Table 3. Navigation techniques comparison.

Task Configuration	Mean Latency (ms)	p95 (ms)	CPU (%)	GPU (%)	RAM (MB)	Power (W)	Real-Time?
DQN inference only	3.2	5.1	34	42	1450	5.1	Yes
EKF fusion only	2.1	3.4	29	15	980	4.2	Yes
EDRS only	7.6	11.2	45	68	1650	6.8	Yes
All tasks concurrent	9.8	14.6	71	87	2100	7.2	Marginal

reports detailed latency, utilisation, and power metrics across single-task and multitask configurations.

Turbulence, modelled using a simplified Dryden spectral model, presents turbulence intensity that increases with altitude according to empirical urban boundary layer profiles. Wind fields, stratified into layers with varying average speeds and turbulence variance, allow the agent to exploit favourable wind layers or avoid areas of high turbulence.

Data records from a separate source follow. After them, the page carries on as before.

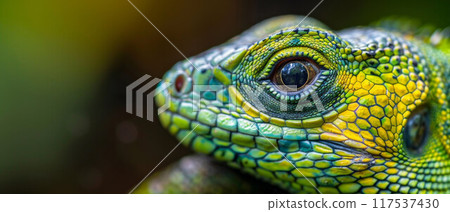 Head shot closeup of Green Crested Lizard 117537430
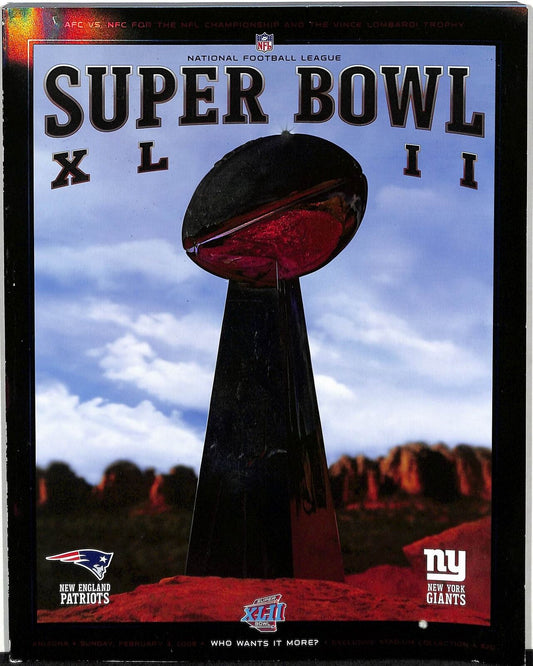 Super Bowl XLII 42 Program Holographic Cover Patriots/Giants Tom Brady 180700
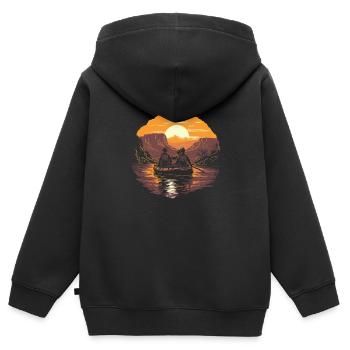 Rafting - Sweat Premium à capuche zippé enfant bio - noir - Dos - AI Model Kid Male (0cm)
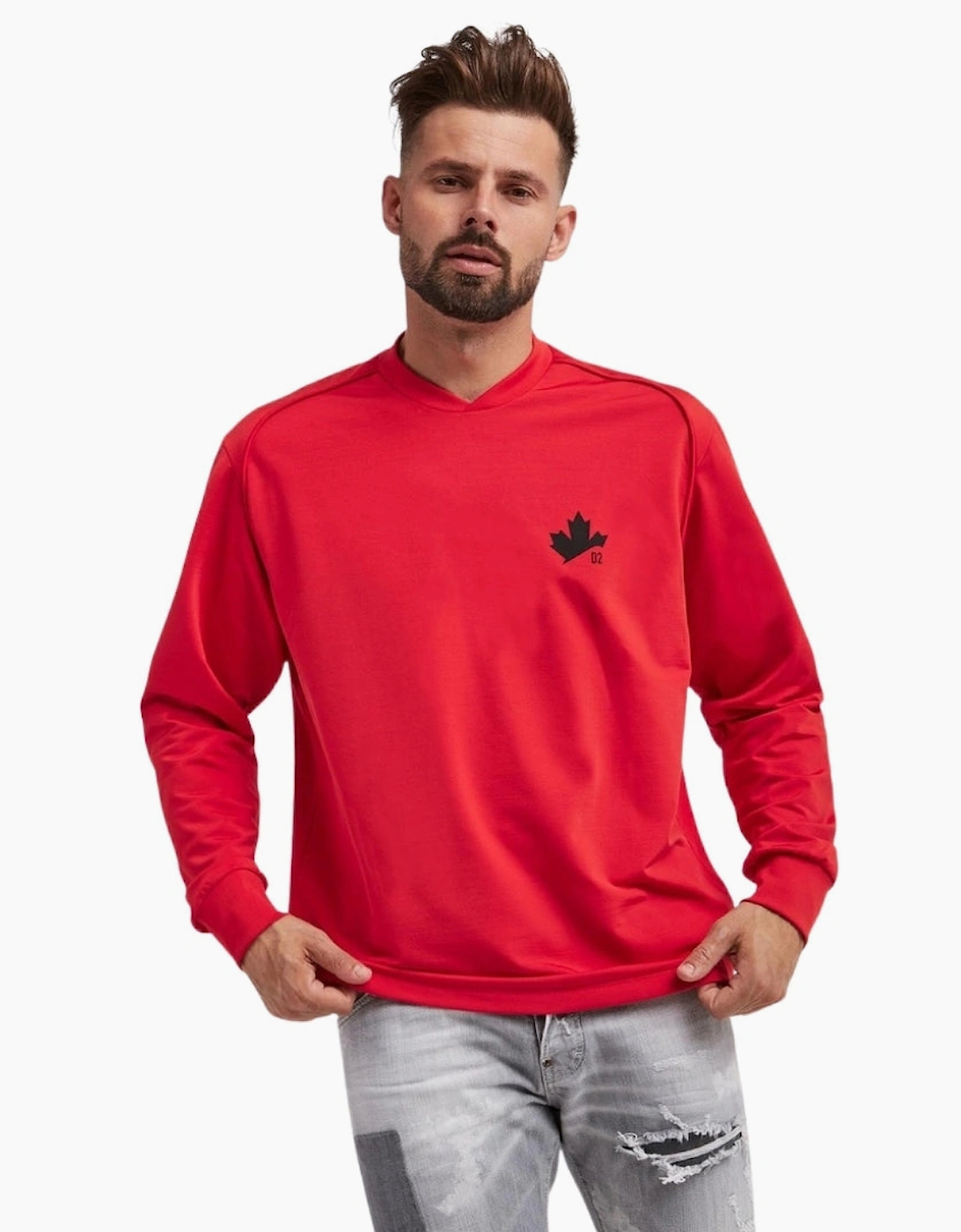 Dsquared2 D2 Maple Logo Red Sweater
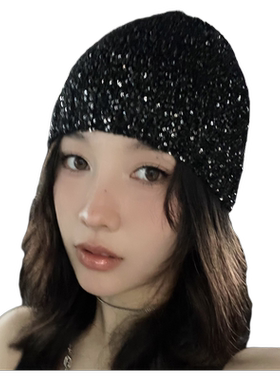 走秀款~权志龙同款亮片冷帽女早秋小香风包头帽ins风针织帽男潮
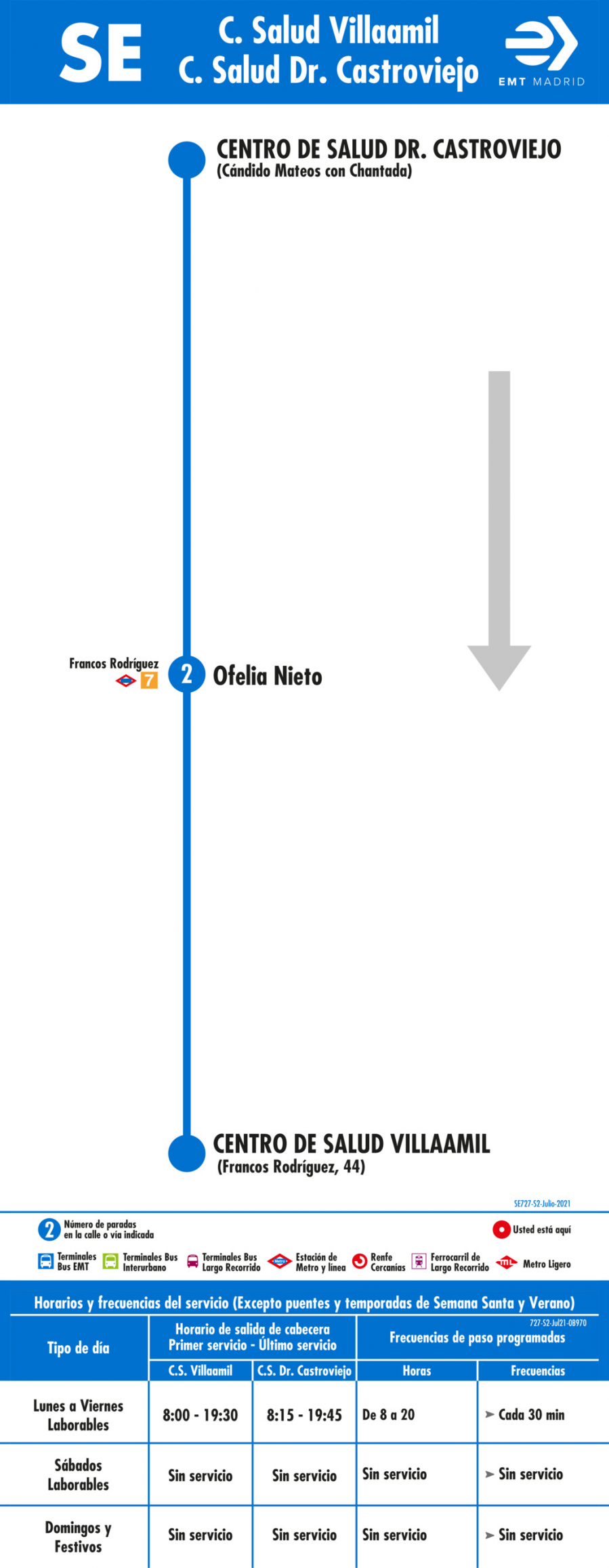 Horario de vuelta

The energy model directly accounts for the additional energy demand when climbing into layers of stronger turbulence, linking altitude decisions with energy consumption.

Figure 8 describes the functional connections between Jetson Nano and the onboard subsystems. Specifically, it shows the connections between the LiDAR, GNSS, and IMU sensors, the power management components, and the propulsion control units (ESCs). The diagram reflects the actual configuration adopted in the system, clarifying the operational structure.

3.7. Imaging and Sensor Suite

The UAV, equipped with a compact On Real G1 PRO camera, captures 1080p video with a 120° field of view. The camera is mounted on a vibration-isolated platform to minimise motion blur and improve image stability.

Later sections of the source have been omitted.